> **Activity**: Set out exactly, and only, the lines running from the one containing "oppo|2021年折叠屏热度再起 OPPO Find N占该类手机市场份额6.1%" to the bottom of the listing below; pictures stay out.

> **Data block**:
=== Begin Enclosure ===

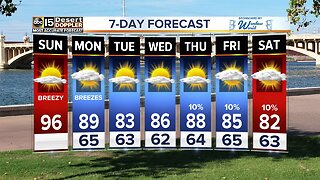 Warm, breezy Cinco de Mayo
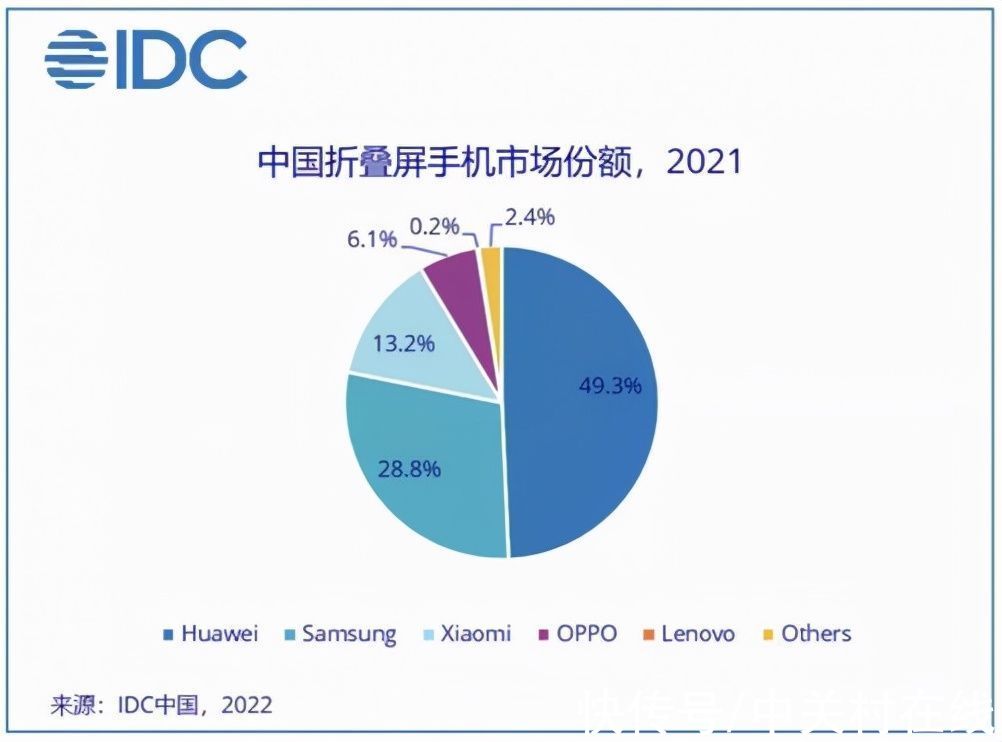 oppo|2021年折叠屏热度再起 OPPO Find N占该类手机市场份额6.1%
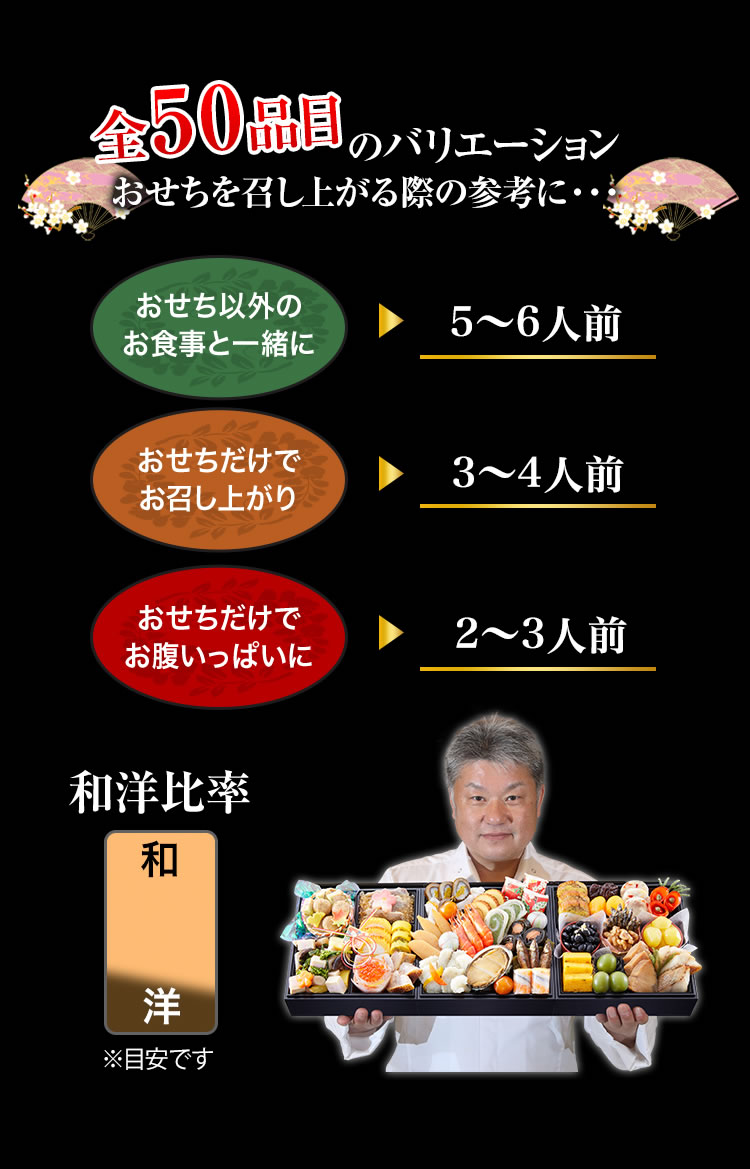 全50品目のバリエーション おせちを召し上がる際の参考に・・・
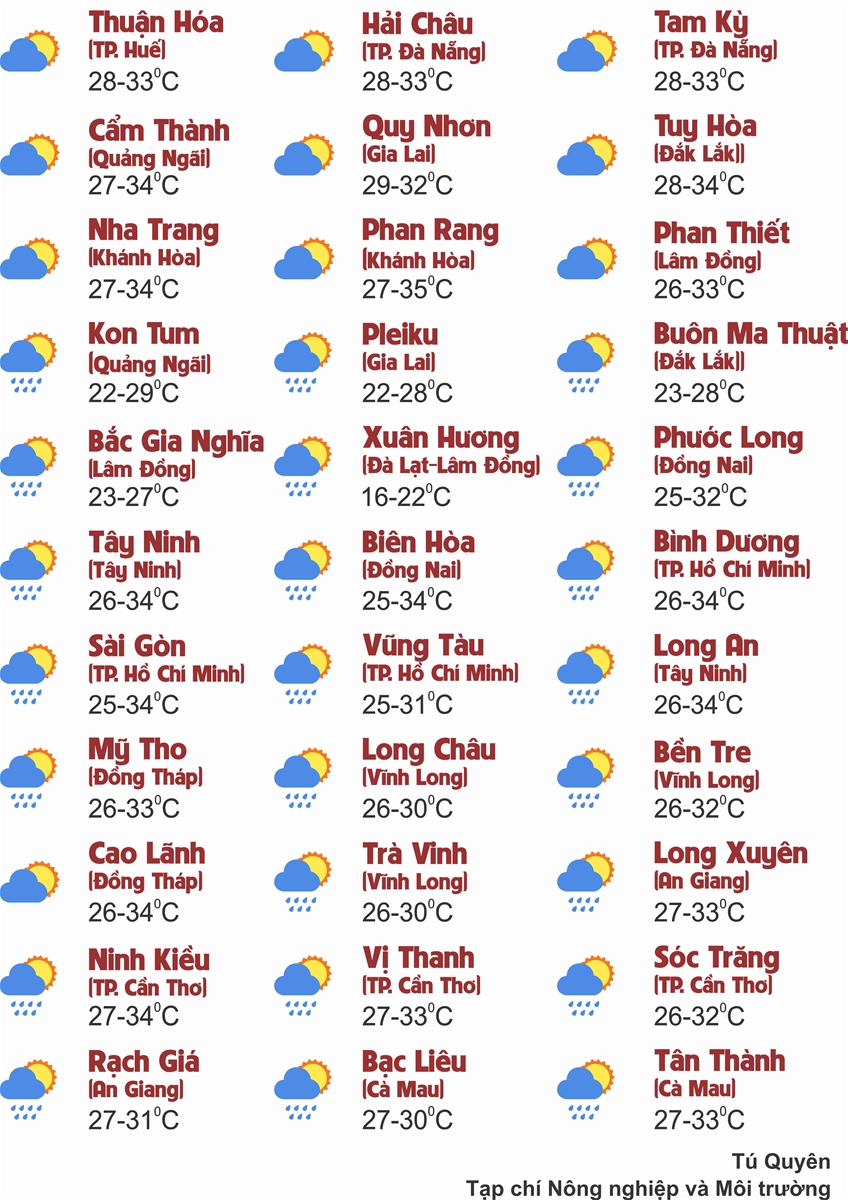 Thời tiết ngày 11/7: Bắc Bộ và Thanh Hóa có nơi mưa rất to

=== End Enclosure ===

> **Your response**:
 oppo|2021年折叠屏热度再起 OPPO Find N占该类手机市场份额6.1%
 全50品目のバリエーション おせちを召し上がる際の参考に・・・
 Thời tiết ngày 11/7: Bắc Bộ và Thanh Hóa có nơi mưa rất to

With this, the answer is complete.